Nach einer Dreiviertelstunde kam der so sehr entbehrliche, absichtsvoll schockierende Clou, auf den man schon vorbereitet war nach der (fast) gleichen Performance von Andrew Hardwidge im unwirtlichen Ambiente der riesigen Kraftzentrale nebenan (mit miserabler Sicht für die Mehrheit des Publikums): der Tänzer, nun sehr dekorativ exakt in der Mitte der Tanzfläche postiert, wedelt mit dem Penis, streckt, reckt und knautscht ihn, versetzt den Hoden kleine Klapse und zieht deren Haut über den Schwanz. Dann pinkelt Willens in die Nacht hinein. Glitzernd perlen die Tröpfchen im hohen Bogen im Scheinwerferlicht durch die Dämmerung. Applaus, Applaus.

Aber es war auch Unmut zu hören: „Wir machen jetzt 10-15 Minuten richtige Pause - da können Sie sich mal die Beine vertreten und was essen oder trinken!“ fordert der Ruhrtriennale-Wächter die mißmutig Wartenden jovial auf. „Beine vertreten? Ha! Grad' haben wir uns zwei Stunden lang die Beine in den Bauch gestanden und sind total durchgefroren. Ich brauch' einen Stuhl und einen Grog!“ schimpft eine Dame. „Eine Zumutung ist das“ grummelt eine andere. Aber viele beißen dann doch munter in den fetttriefenden Snack und schlürfen das Bier aus der Flasche - oder den Rotwein aus edlen Glaspokalen.
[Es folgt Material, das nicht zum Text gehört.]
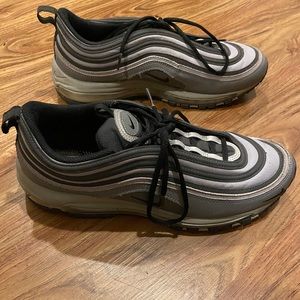 Men’s Nike Air Max 97 Sneakers (stadium gray)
Boris Charmatz als Dritter im Bunde dieses „Solo, drei Variationen“ setzt anschließend in der Gießhalle der weitläufigen Industrieanlage noch eins drauf. Affenartig hangelt er sich über die Backsteinmauern, springt von seiner Balustrade in den Graben und hinauf auf die Zuschauertribüne, reißt Witze, brilliert mit blitzenden Augen und unwiderstehlichem Charme als Tänzer-Entertainer und kann sogar vielstrahlig pinkeln.

Wie schrieb doch gerade ein australischer Kunstkritiker so treffend über Sehgals jüngstes Opus „This is So Contemporary“ in Sidney? „Klar, es ist provokativ, und vielleicht ist es Kunst, aber es ist in jedem Fall irritierend!“ Das trifft's generell - Berliner Bär 2013 und Goldener Löwe der Kunstbiennale Venedig als bester Künstler für den 38-jährigen Deutsch-Briten mit indischen Wurzeln hin oder her.